[Data for this task — start]

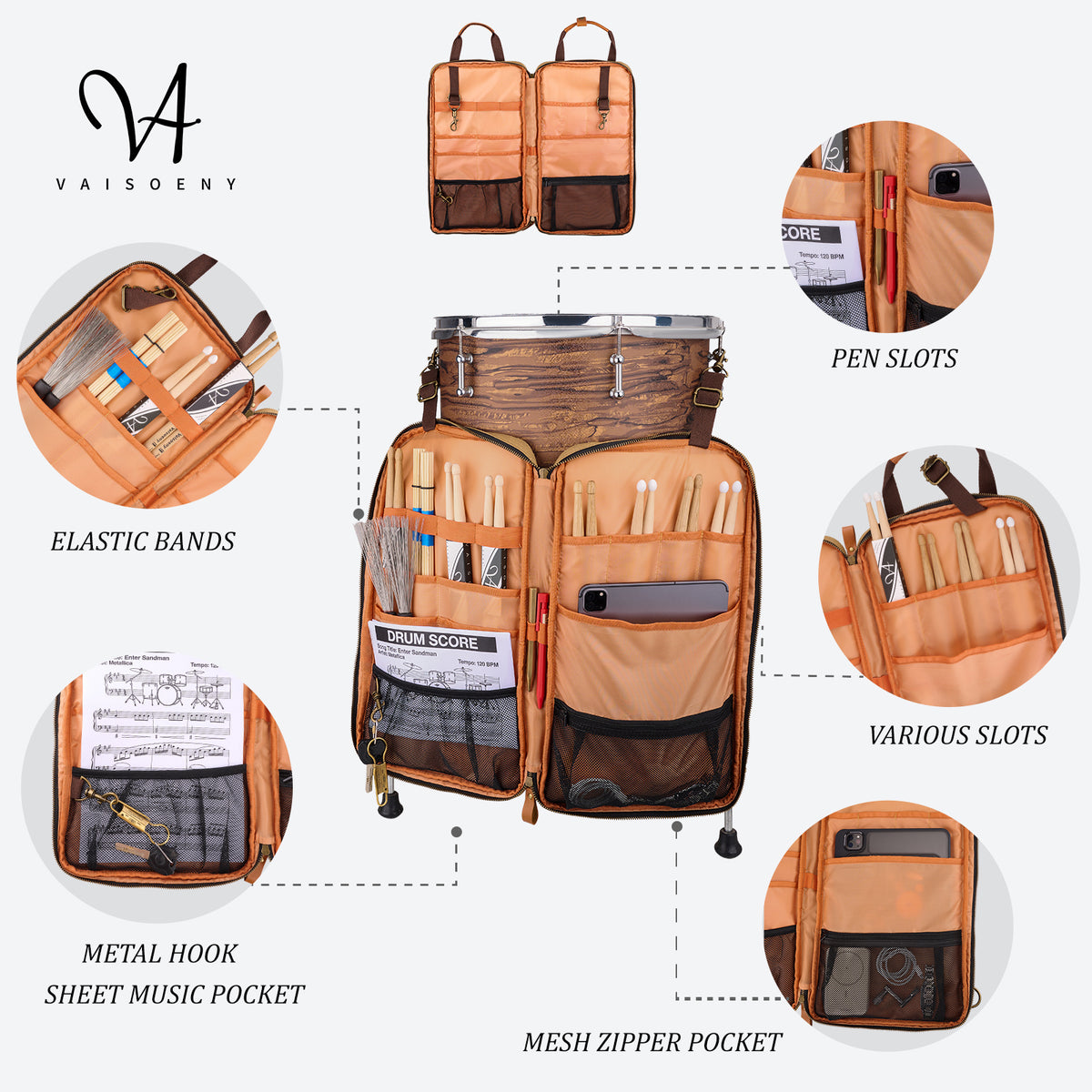 Vaisoeny Drum Stick Bag, Waxed Canvas Drumstick Bag with Detachable Shoulder Strap, Large Capacity (Black/Brown)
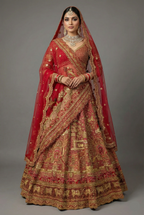 Red Matka Silk Designer Bridal Lehenga with Double Dupatta - red silk saree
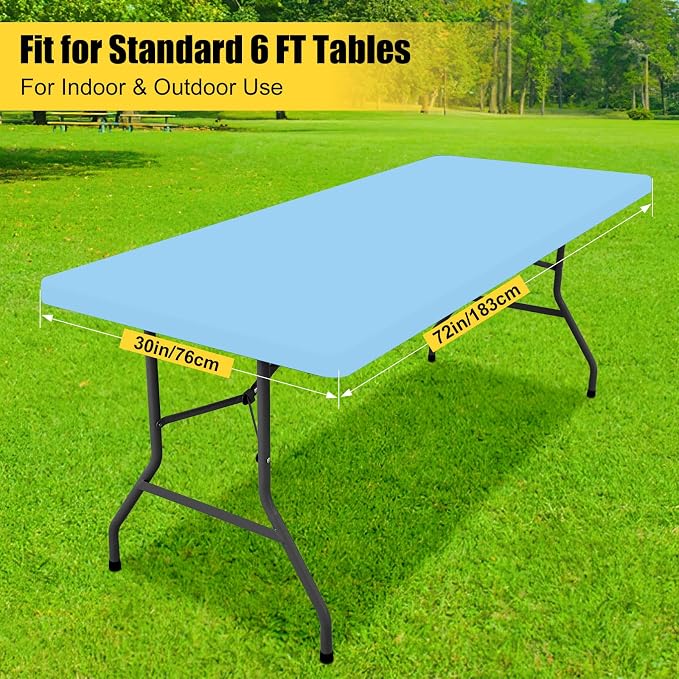 Smiry Rectangle Tablecloth, Elastic Fitted Flannel Backed Vinyl Tablecloths for 6ft Folding Tables, Waterproof Wipeable Table Covers for Indoor, Outdoor, Picnic and Camping (Baby Bule, 30"x72")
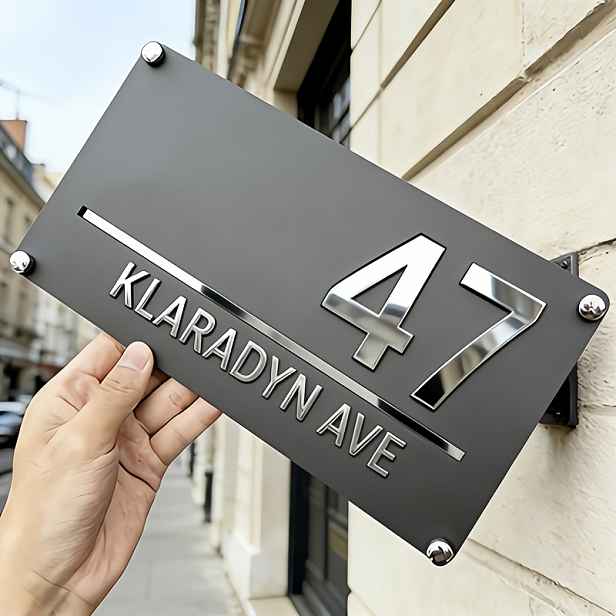 TEMU Personalizovaná laserem gravírovaná akrylová cedule s číslem domu – Přizpůsobitelná s vaším jménem a adresou, vhodná do interiéru, venkovních ,
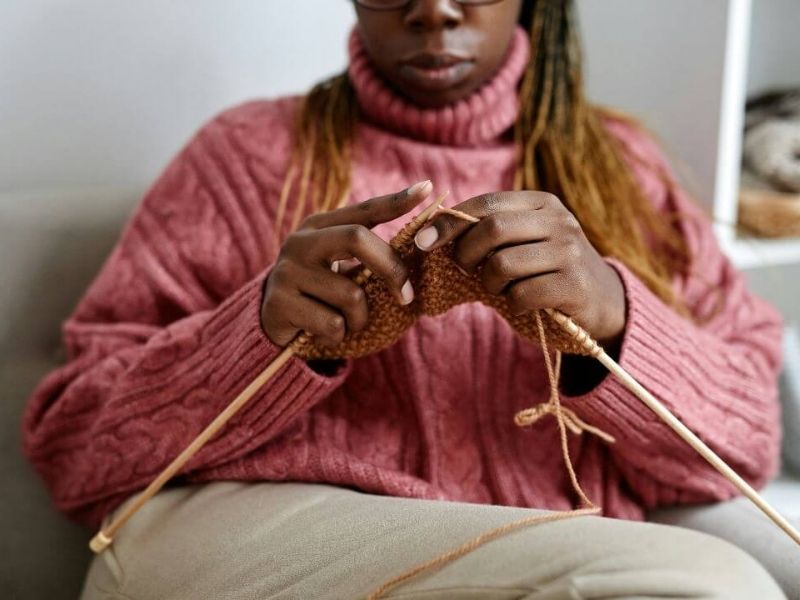 cozy grandma hobbies woman knitting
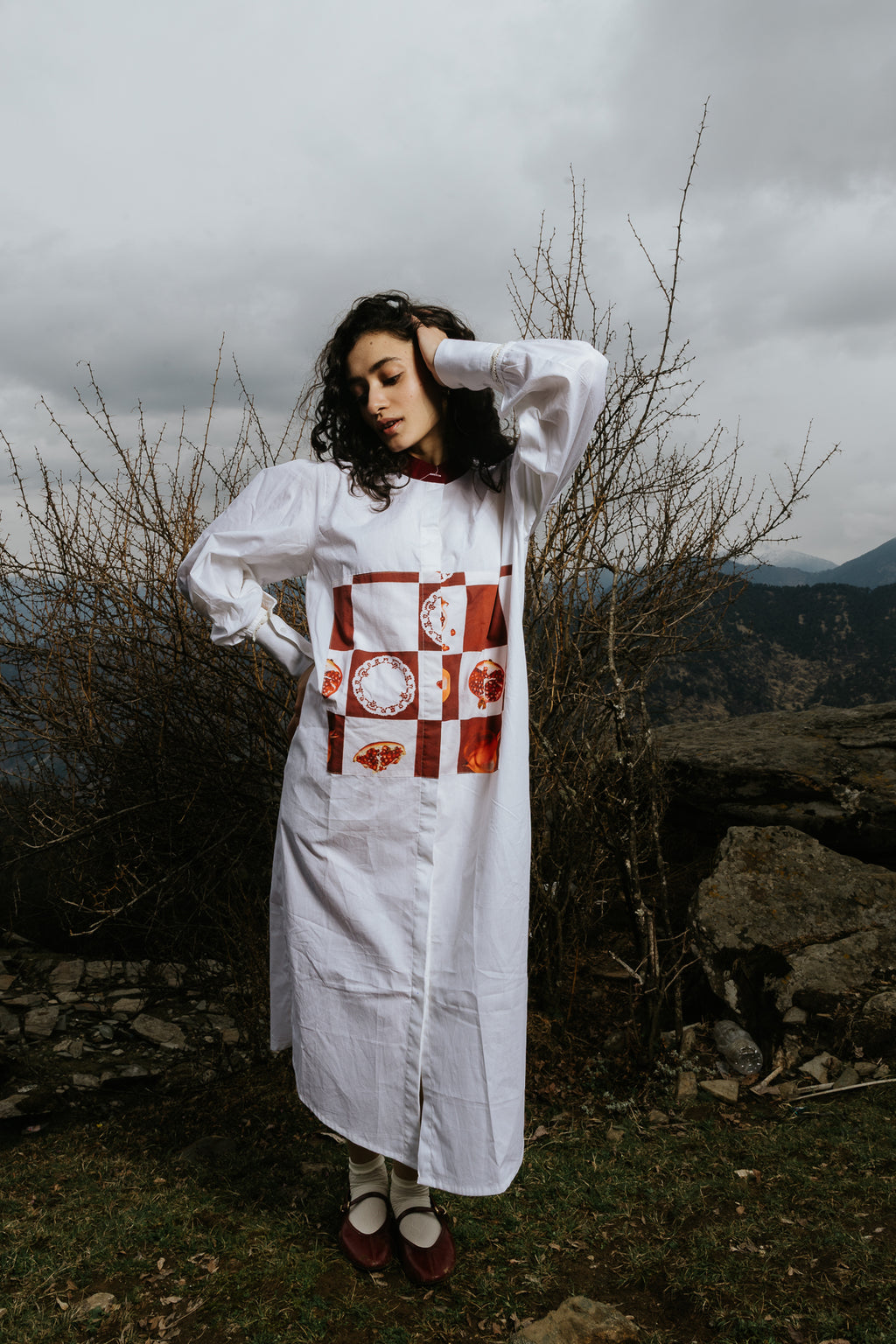 Checkerboard Pomegranate Long Shirt Dress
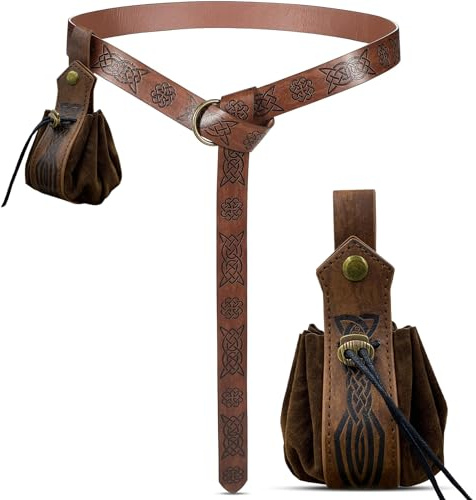 Cimvidi Mittelalterliche Gürtel, 2er Vintage Gürtel Kunstledertasche mit Kordelzug Geeignet für Cosplay Rollenspiel Bühne Performance Zirkus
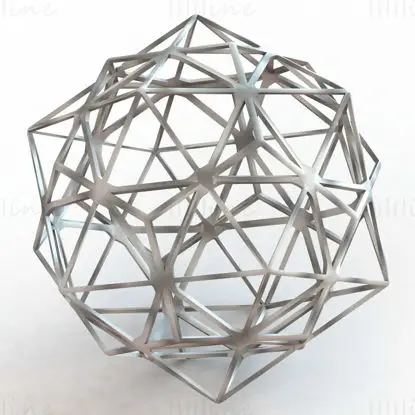 Dodecahedron ve Icosahedron 3D Baskı Modeli STL'nin Tel Çerçeve Şekli Bileşiği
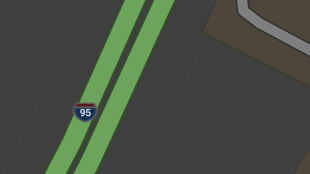 Map screenshot showing Toll Interstates 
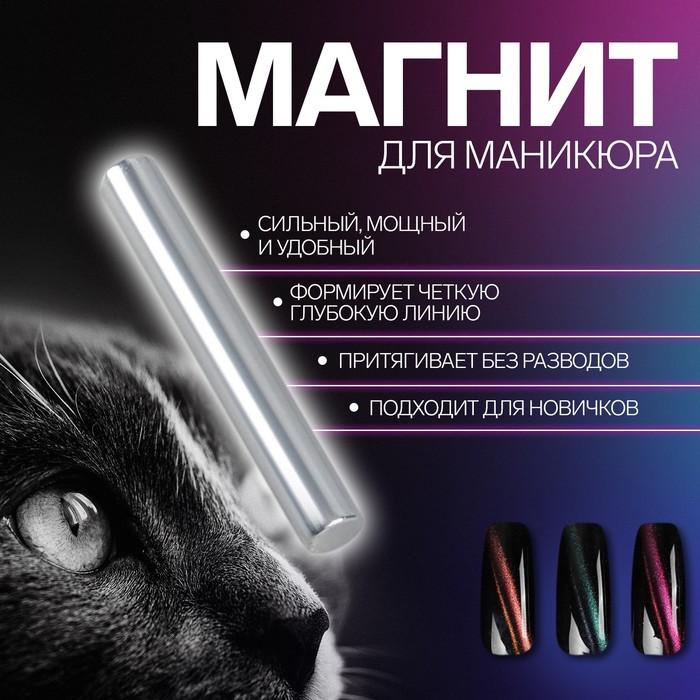 Магнит для лака, 2 × 0,3 см, цвет серебристый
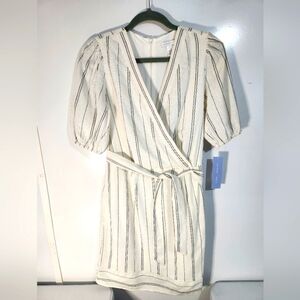 NWT London Times Linen Striped Wrap Dress in Cream and Black, Size 6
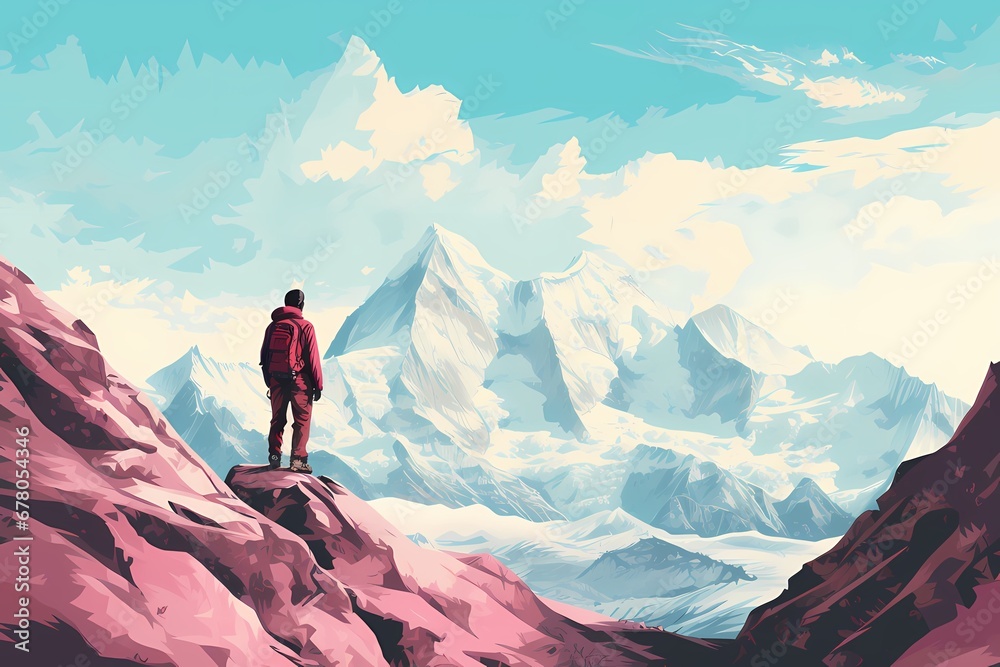 A man stands on a mountain peak, looking at a stunning sky and snowy mountains.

[Data for this task — finish]

» Work order
Transcribe the listing in full. Leave the pictures out.

» Expected output
 Vaisoeny Drum Stick Bag, Waxed Canvas Drumstick Bag with Detachable Shoulder Strap, Large Capacity (Black/Brown)
 Red Matka Silk Designer Bridal Lehenga with Double Dupatta - red silk saree
 Smiry Rectangle Tablecloth, Elastic Fitted Flannel Backed Vinyl Tablecloths for 6ft Folding Tables, Waterproof Wipeable Table Covers for Indoor, Outdoor, Picnic and Camping (Baby Bule, 30"x72")
 TEMU Personalizovaná laserem gravírovaná akrylová cedule s číslem domu – Přizpůsobitelná s vaším jménem a adresou, vhodná do interiéru, venkovních ,
 cozy grandma hobbies woman knitting
 Checkerboard Pomegranate Long Shirt Dress
 Cimvidi Mittelalterliche Gürtel, 2er Vintage Gürtel Kunstledertasche mit Kordelzug Geeignet für Cosplay Rollenspiel Bühne Performance Zirkus
 Dodecahedron ve Icosahedron 3D Baskı Modeli STL'nin Tel Çerçeve Şekli Bileşiği
 Map screenshot showing Toll Interstates 
 Магнит для лака, 2 × 0,3 см, цвет серебристый
 NWT London Times Linen Striped Wrap Dress in Cream and Black, Size 6
 A man stands on a mountain peak, looking at a stunning sky and snowy mountains.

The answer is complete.